De acuerdo con el pensamiento de este gran penalista (pieza fundamental en el juicio a las juntas militares que narra la película “Argentina 1985”) importa estudiar la estrecha relación que existe entre anomia, autoritarismo y debilidad de la democracia. Y no solo eso. “Podrían también estudiarse, escribe en su libro, las consecuencias de esa anomia para la paz social y para la estabilidad psíquica de los miembros de la sociedad”.

Esta es una oportuna sugerencia, desde el momento en que, según cifras de AFAC (organismo que nuclea a 200 empresas autopartistas) circulan unos 15 millones de vehículos en el territorio nacional, incluyendo autos, GNC, camiones y vehículos híbridos, cifra que daba, hacia fines de 2021, un promedio de 3 habitantes por vehículo. Un observador atento y objetivo podría detectar en la manera de circular de esos vehículos cuál es el estado psíquico que, como emergentes, expresan sus conductores. Intolerancia, agresión, ansiedad, violación de normas, límites y señales. La que se manifiesta al volante no es otra conducta sino la que se lleva en los demás aspectos de la vida.

CONFUSIÓN FATAL

El antropólogo Pablo Wright, investigador del Conicet produjo un lustro atrás una amplia y profunda indagación sobre etnografía vial, y sobre el hábito nacional de convertir las señales en símbolos. Un símbolo, contrariamente a una señal, es una interpretación. El significado que se le atribuye no está en el dibujo, en la imagen, en el relato o en la metáfora en que se lo detecta. Una cruz sobre la silueta de un auto, encerrados en un triángulo demarcado en rojo, es una señal. Lo mismo que un cartel que indica “Máxima 120”. Sólo significan una cosa: no estacionar, y un límite de velocidad.
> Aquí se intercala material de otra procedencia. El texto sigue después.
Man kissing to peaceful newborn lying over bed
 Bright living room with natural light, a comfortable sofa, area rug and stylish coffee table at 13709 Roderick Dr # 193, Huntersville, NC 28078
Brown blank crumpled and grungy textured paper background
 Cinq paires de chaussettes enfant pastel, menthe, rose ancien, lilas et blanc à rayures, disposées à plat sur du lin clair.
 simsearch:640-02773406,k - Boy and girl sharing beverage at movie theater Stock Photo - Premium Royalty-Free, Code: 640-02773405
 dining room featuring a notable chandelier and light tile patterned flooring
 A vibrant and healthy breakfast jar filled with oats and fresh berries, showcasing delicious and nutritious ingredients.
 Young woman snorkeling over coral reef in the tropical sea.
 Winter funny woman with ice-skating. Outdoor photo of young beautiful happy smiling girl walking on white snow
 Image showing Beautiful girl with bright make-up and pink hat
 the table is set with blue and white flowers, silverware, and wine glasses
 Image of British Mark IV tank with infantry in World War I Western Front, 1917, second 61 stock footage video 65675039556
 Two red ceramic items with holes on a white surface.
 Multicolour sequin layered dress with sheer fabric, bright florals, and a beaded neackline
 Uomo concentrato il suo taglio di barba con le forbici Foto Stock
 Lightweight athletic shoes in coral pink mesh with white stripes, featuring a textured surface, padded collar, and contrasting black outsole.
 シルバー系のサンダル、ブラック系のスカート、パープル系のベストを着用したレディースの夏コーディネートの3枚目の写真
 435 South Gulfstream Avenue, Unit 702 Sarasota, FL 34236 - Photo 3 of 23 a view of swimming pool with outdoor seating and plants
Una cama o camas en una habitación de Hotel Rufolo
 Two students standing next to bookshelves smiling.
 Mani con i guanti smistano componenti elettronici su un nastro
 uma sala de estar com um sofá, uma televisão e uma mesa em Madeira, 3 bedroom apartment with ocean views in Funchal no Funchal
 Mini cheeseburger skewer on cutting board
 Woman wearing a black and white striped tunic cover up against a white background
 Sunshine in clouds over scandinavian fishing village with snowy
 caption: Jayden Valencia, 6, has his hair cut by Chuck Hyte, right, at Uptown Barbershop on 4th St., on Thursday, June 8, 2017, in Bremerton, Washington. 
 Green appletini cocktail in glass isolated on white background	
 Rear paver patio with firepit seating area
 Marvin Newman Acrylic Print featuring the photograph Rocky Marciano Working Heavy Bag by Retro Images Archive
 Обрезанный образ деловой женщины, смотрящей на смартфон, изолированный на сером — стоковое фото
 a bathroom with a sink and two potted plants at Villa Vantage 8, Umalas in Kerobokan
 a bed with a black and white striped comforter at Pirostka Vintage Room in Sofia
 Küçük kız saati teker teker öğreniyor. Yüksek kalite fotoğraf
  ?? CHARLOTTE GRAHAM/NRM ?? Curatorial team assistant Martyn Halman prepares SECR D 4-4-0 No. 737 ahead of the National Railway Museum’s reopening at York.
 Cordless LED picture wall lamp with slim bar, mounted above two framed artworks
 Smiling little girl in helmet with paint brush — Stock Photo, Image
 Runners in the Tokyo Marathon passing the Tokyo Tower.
El dibujo del yin y el yang es un símbolo; en él se interpreta filosóficamente la integración de los opuestos, la dualidad de la realidad, las polaridades. Sobre esto se puede opinar, se puede creer o no en que así son las cosas y se puede contraponer otra cosmovisión. Sobre la señal que prohíbe estacionar o rebasar una velocidad no puede haber dos opiniones diferentes, ni creencias ni agnosticismos. Pero en la Argentina hay tantas leyes como habitantes. Cada uno hace la propia y sale a imponerla por sobre los demás, a expensas de ellos y, a menudo, de la propia vida. Así se gesta la guerra civil cotidiana que se combate en cada calle, en cada ruta, en cada autopista. Y así seguirá hasta que, como dice Carlos Nino en la culminación de su libro, el lema argentino sea: “Aquí la ley se discute, pero se cumple”. Entonces se vivirá y se conducirá de otra manera.